= Daniel Spill =

British businessman

Daniel Spill (11 February 1832 – 1887) was born in Winterbourne, Gloucestershire, England. He became a rubber and an early thermoplastics manufacturer. For over 20 years Spill had pursued the goal of making a successful business from Alexander Parkes' invention Parkesine, the first man-made plastic.

==Career==
Although he trained as a doctor he joined the business of his brother George. The firm of George Spill & Co. manufactured waterproof textiles in Stepney Green, East London by spreading rubber onto cloth. The material was much in demand for capes and groundsheets for soldiers in the wet conditions of the Crimean War.

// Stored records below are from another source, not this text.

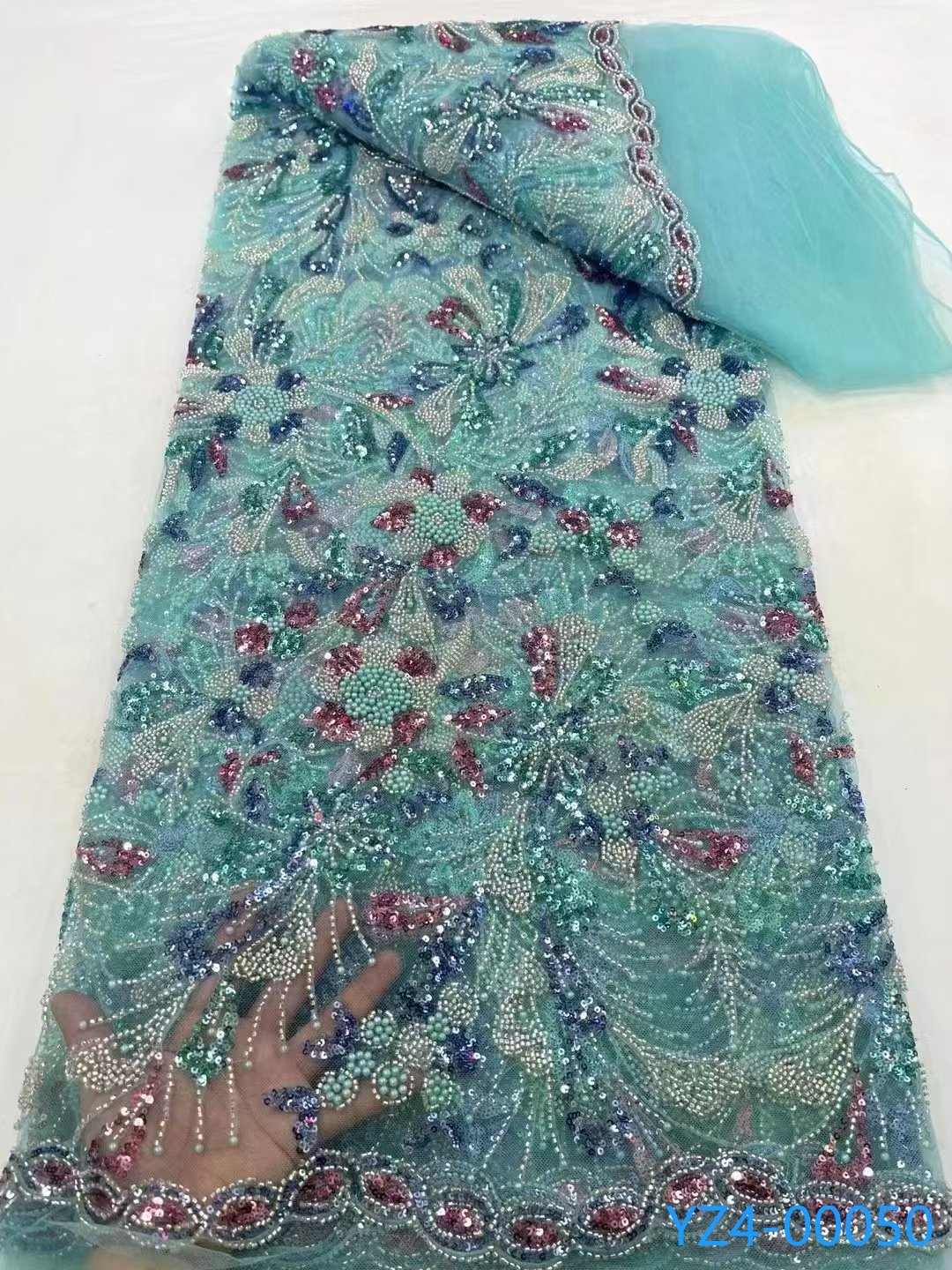 YZWIN Embroidery Latest Super Luxury Dubai African heavy beaded sequins lace Tulle embroidery for Evening Dress Lace Fabric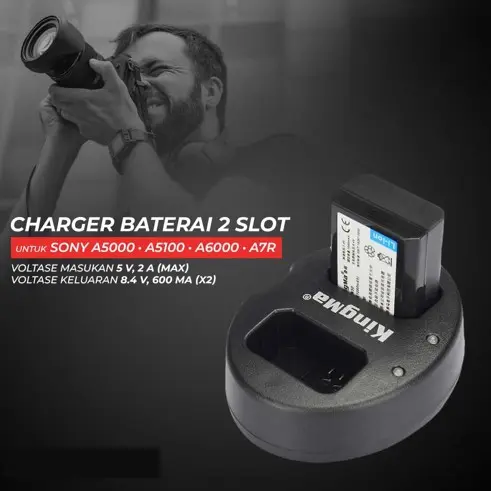 KingMa Charger+Dual Battery NP-FW50 for Sony A6000 A5000 A7II - PAKET 1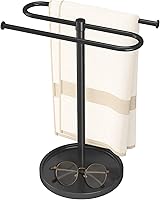 Bethom Black Stainless Steel S-Shape Towel Holder Stand - Freestanding Bathroom Kitchen Countertop Rack Holds 2 Hand Towels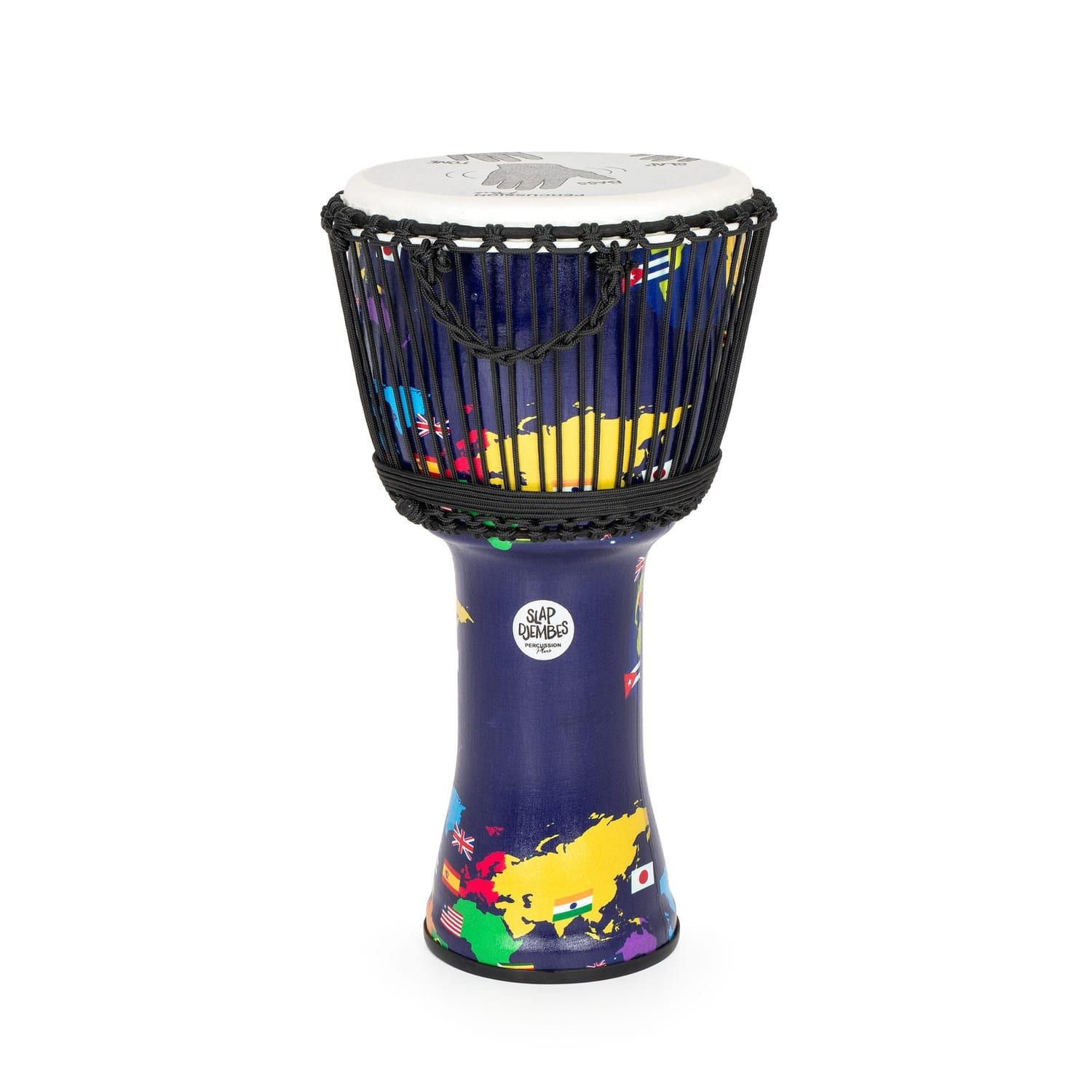 Slap djembe 12 inch rope tuned - 60cm high, durable synthetic shell, handcrafted.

Spill became aware of Parkes' claim for the waterproof qualities of Parkesine probably at the 1862 exhibition. Negotiations led to an agreement not only to use it for waterproofing but also to develop Parkesine in the works of George Spill at Hackney Wick. A provisional patent was granted in 1863 to the Spill brothers and Thomas James Briggs concerning "improvements in the manufacture of driving straps or bands and of flexible tubes or hose"

In 1866, the Parkesine Company was established with Daniel Spill as works manager and Parkes as managing director. The Company did not prosper and was wound up in 1868, Spill taking over most of the stock. He formed the Xylonite Company in 1869 to carry on the business but that did not fare much better and was wound up in 1874.

Undaunted by these failures, Spill established Daniel Spill & Co. in Homerton, continuing to make Xylonite and Ivoride. This enterprise succeeded in that others entered into an agreement with Spill in 1877 to form the British Xylonite Company in purpose-built premises at Brantham. This company did go on and prosper, going on to employ 1,160 people by 1902 and changed its name to BX Plastics.

Spill's later years were largely occupied in a long legal battle in America with John Wesley Hyatt and the Celluloid Manufacturing Company for infringement of his patents. The lawsuit which was filed in 1875, was first found in his favour in 1880 even after Parkes testified on behalf of Hyatt, but reversed in 1884. Spill returned to England and in 1887 died of diabetes at the age of 55.

==Personal life==
He married at the age of 18; his bride was 15. In 1881 Spill was listed as a retired manufacturer in the 1881 census of Leyton High Street, living with his wife and daughter and his nephew George, an India Rubber Manufacturer.